Will Louisville and Pitt Join the Big 12 Eventually?

And the Big 12 takes over the Playoff Committee

Wandering Eye for Louisville and Pitt?

The ACC settlement with Florida State and Clemson is now official, and everyone is scrambling to process it. 

It is a win for the ACC because the league will likely get five years of stability and can stop paying legal fees to fight four different court cases. 

But the Seminoles and Tigers are bigger winners here because the cost of leaving the ACC in 2030 dropped dramatically. We now know it will only cost $75 million to make a jump in five years, when most expect major realignment to happen

They also have the chance to make a lot more money annually. Clemson estimates it can take in an extra $20 million per year over the next six seasons because of the ACC’s brand and success initiatives, which will reward teams for on-field success and TV viewership. With a deep playoff run, it could be even more than $20 million per year. 

But that extra money for the Tigers will come at the expense of the lesser brands in the ACC. Reports say that the difference in payout between number one and number eighteen in the ACC could be as much as $20 million. 

Dealing with unequal revenue sharing is better than instantly becoming Oregon State or Washington State, but it will still create some hurt feelings. 

How will that impact schools like Louisville and Pitt, which don’t have the deep-rooted historical ties to the ACC that some in the league do? 

If they start losing seven or eight million dollars in revenue every year to Florida State, Clemson, or North Carolina, will they look around for a better money-making opportunity?

Sports Illustrated’s Pat Forde says they could start looking at the Big 12. 

I don’t think it’s a move we would see happen before 2030 because it’s simply too cost-prohibitive. Per the settlement, it will cost $165 million to leave in 2026. That’s too much for either school to handle on its own. Even a slightly bigger revenue bump in the Big 12 wouldn’t be nearly enough to make up the difference.

What about private equity? Last summer, some floated the idea of the Big 12 using private equity to bring Clemson or Florida State to the conference. That only makes business sense if you’re bringing in the top brands of the ACC, not mid-tier brands like Louisville and Pitt. 

But Forde makes a good point about 2030. If FSU, Clemson, and North Carolina leave, the ACC would still have the numbers to keep the conference going, but only if everyone else decided to stick around. That was part of the strategy of adding Cal, Stanford, and SMU–strength in numbers.

By that point, the Cardinals and Panthers may have had enough of dealing with the ACC's inequities and politics, and the Big 12 could become a very attractive option

The Big 12 came close to adding Louisville in 2011, and I would love to bring the Cardinals’ basketball program to the league. Pitt would give us the Backyard Brawl as a conference game. 

It’s far from certain that it will happen. A lot can change in five years. For example, Texas and Oklahoma leaving for the SEC weren’t even on our radar five years ago. 

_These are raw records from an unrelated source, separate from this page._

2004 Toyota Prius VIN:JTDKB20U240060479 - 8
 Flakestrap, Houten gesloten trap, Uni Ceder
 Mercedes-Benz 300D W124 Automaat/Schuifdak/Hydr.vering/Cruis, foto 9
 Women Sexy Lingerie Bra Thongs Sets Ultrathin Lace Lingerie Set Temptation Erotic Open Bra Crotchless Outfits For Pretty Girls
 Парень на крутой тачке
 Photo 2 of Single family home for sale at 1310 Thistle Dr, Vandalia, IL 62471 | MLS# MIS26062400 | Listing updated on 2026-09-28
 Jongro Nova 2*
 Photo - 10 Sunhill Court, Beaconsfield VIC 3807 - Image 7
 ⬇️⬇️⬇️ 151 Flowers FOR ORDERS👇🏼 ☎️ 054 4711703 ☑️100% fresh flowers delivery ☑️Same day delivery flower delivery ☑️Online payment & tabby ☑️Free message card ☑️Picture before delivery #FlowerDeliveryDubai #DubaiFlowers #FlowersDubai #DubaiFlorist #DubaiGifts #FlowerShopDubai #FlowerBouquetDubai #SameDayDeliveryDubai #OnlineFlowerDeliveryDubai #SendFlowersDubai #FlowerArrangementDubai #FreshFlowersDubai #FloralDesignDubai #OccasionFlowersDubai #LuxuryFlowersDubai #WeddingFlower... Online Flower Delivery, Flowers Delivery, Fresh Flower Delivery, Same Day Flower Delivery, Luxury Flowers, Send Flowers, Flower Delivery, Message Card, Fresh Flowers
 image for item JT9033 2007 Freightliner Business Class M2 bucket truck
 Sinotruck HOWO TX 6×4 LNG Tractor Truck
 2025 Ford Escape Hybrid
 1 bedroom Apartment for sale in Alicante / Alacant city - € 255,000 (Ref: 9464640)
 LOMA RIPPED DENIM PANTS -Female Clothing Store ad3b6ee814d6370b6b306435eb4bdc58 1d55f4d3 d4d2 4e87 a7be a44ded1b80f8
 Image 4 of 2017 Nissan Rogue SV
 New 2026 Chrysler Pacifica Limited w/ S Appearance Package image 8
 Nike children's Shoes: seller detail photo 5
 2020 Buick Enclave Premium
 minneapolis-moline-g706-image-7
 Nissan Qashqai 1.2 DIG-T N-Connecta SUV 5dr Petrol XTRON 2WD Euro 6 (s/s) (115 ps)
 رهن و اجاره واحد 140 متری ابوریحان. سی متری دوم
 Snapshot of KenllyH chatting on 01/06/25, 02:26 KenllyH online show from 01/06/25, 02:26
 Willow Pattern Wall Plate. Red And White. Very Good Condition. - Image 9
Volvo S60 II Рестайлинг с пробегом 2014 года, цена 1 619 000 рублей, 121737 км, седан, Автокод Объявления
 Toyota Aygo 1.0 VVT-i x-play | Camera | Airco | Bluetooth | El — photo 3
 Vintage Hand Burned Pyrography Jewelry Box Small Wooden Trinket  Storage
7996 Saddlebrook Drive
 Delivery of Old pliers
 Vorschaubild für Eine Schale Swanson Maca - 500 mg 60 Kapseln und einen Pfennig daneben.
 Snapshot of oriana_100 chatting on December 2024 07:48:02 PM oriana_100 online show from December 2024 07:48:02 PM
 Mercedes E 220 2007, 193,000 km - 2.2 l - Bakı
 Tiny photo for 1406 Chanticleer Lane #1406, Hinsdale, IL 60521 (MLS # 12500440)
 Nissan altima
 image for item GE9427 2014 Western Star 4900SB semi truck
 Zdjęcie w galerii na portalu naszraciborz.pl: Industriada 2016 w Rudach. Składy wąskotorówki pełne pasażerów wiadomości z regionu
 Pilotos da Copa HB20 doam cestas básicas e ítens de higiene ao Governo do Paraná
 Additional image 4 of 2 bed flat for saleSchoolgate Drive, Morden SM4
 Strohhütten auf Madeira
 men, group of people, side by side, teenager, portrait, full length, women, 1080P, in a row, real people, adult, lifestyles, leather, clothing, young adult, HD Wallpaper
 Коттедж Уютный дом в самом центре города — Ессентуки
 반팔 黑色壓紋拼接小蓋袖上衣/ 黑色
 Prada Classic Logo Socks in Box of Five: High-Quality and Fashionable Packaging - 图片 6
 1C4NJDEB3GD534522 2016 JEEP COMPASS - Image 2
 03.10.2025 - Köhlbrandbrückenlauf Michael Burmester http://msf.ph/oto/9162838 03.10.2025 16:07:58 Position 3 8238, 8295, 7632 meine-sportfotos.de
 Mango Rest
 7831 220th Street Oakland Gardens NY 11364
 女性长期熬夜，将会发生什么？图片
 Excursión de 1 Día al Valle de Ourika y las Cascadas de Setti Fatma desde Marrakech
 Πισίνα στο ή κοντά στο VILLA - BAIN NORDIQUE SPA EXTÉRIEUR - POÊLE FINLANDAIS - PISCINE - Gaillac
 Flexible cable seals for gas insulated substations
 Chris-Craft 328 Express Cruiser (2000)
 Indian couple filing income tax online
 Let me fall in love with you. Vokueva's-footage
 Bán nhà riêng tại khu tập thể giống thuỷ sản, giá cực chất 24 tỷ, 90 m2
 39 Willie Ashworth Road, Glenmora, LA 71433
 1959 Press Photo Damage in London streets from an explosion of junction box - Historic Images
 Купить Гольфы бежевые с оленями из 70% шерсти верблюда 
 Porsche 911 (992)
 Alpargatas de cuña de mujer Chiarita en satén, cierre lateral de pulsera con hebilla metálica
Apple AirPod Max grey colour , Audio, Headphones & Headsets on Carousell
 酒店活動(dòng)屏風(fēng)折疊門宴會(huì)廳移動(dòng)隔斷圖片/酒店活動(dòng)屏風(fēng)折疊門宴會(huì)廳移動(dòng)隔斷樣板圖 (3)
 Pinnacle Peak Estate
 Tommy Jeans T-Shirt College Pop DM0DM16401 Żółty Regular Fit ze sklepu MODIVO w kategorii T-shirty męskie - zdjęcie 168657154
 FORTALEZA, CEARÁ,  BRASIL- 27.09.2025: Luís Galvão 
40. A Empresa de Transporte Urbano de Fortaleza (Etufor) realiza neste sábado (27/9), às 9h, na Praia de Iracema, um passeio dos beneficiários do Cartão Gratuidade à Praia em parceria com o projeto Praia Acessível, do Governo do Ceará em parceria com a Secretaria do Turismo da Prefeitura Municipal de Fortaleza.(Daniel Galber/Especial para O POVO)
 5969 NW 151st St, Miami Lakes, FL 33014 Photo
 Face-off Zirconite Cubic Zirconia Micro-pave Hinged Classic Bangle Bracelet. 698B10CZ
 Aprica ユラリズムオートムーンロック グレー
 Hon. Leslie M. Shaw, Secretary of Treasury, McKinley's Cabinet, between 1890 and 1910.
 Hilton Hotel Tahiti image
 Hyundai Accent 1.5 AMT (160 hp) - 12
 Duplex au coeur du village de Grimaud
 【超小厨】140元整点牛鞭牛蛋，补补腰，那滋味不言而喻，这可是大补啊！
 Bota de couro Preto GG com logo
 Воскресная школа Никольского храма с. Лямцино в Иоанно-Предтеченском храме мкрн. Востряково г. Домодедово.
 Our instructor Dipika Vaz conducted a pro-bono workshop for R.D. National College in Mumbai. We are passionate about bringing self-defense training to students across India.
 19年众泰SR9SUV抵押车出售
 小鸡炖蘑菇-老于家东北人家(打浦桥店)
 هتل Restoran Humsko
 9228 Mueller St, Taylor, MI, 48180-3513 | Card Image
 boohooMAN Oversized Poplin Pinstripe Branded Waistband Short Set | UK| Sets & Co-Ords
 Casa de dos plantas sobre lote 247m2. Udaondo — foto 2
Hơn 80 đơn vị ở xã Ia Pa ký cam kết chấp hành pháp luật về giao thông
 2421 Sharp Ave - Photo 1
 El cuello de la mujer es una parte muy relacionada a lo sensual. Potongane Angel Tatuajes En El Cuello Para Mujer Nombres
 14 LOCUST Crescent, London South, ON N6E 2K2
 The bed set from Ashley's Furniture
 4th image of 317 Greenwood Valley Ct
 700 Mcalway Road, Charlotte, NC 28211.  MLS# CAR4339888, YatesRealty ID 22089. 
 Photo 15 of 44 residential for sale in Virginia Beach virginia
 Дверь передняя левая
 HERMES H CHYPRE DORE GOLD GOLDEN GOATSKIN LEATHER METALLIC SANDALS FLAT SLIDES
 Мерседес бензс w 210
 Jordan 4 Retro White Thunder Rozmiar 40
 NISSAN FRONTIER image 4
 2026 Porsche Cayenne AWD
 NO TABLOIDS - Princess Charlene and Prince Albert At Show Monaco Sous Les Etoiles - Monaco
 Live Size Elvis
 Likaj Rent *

There is a decent chance that 2030 will spark the creation of a legitimate Super League, meaning all bets are off on which Big 12 teams would make the cut. 

But if the same conferences remain intact, I wouldn’t be surprised to see this eventually come to fruition.


What You Need to Know

  • Saturday is the final day of the Big 12 men’s basketball regular season. Houston has already wrapped up the conference title, but the Big 12 tournament bracket is still very much up in the air. If all the favorites win on Saturday, here’s what the bracket would look like. 

  • Speaking of the Big 12 tournament, Commissioner Brett Yormark is under fire for green-lighting the new court at T-Mobile Center. Whether you like it or not, you definitely have to see it. It debuted during the Big 12 women’s basketball tournament this week. 

  • There shouldn’t be much NCAA tournament drama for the Big 12 heading into Selection Sunday. Baylor moved off Joe Lunardi’s Bracketology bubble with a win over TCU this week. Cincinnati is the only team still technically on the bubble, but the Bearcats’ home loss to K-State has them stuck in the next four out right now. It looks like the league is all but locked into eight teams in the field.

  • Utah has its new men’s basketball head coach. The Utes locked down top target Alex Jensen, a Utah alum who has spent the last 12 years as an NBA assistant. Jensen was a first-team All-Mountain West performer who played for legendary head coach Rick Majerus at Utah in the late 90s. 

  • The Big 12 is now front and center on the College Football Playoff selection committee. Baylor AD Mack Rhoads was named the selection committee chair for the 2025 season, replacing Michigan’s Warde Manuel. That means Rhoads will have to answer all the tough questions from ESPN anchors on Tuesday nights late in the fall during the rankings show.